A curious twist came to Mr. Byrd's expression as he tilted his head and studied Will in silence. The boy's eyes hardened in defiance as he met his teacher's appraising gaze, hours seeming to pass before the man chuckled and shrugged.
“Not big on public speaking, huh bud?” Mr. Byrd grinned. “Well, I don't want your first experience in my class to be a traumatic one, so I'll let you off the hook for now. There's a seat open in the back, you'll find all the supplies you need inside your desk.”
Will exhaled and gave the teacher a curt nod before walking stiffly towards the indicated spot, his relief at no longer being on display before the class tainted somewhat by the giggles and curious peeks that followed him all the way to the back of the room. He felt the eyes of his classmates on him even as he took his seat and Mr. Byrd launched into his first lesson for the day.
“Alright folks, time to get those brains up and running with a quick math worksheet.” The teacher laughed at the collective groan that went up among his students. “Oh, relax, it's not that bad - this is stuff that all of you already know and I'm not even going to be grading it. I will be walking around to make sure everyone's actually working on the sheet, though, so no slacking off.”

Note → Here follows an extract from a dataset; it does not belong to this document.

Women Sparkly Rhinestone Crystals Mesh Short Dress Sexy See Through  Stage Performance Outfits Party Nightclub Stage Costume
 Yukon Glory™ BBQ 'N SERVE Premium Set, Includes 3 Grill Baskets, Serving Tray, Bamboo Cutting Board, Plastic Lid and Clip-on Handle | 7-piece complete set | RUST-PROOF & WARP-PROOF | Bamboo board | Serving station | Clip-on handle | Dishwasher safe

The exercises eventually made their way to Will, who had no interest in providing the answers for the fraction-based multiplication questions. His classmates got to work on their sheet while Will flipped his over, hunched over his desk as he began scribbling down every detail of his plight in hopes that it might spark some idea on how he and Liam could escape. Lost in the exercise – struggling with his reduced dexterity and with the hopelessness of the situation only growing the more he considered it – Will wasn't aware of Mr. Byrd's approach until the teacher's shadow stretched across his worksheet.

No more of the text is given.